Starting at the line that contains "Full LED Projector", restate each line word for word through the final line of the data, keeping both ends.

═══ DATASET RECORDS

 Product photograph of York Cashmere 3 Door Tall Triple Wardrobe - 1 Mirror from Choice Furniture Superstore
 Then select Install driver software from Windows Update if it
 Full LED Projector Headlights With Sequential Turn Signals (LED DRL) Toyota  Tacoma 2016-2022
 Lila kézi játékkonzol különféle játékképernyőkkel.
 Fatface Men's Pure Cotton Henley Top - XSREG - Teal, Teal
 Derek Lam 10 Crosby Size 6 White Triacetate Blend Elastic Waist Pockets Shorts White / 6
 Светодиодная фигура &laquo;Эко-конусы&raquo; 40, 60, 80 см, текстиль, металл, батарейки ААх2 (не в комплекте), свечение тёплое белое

══════

_EXERCISE RESPONSE_.
 Full LED Projector Headlights With Sequential Turn Signals (LED DRL) Toyota  Tacoma 2016-2022
 Lila kézi játékkonzol különféle játékképernyőkkel.
 Fatface Men's Pure Cotton Henley Top - XSREG - Teal, Teal
 Derek Lam 10 Crosby Size 6 White Triacetate Blend Elastic Waist Pockets Shorts White / 6
 Светодиодная фигура &laquo;Эко-конусы&raquo; 40, 60, 80 см, текстиль, металл, батарейки ААх2 (не в комплекте), свечение тёплое белое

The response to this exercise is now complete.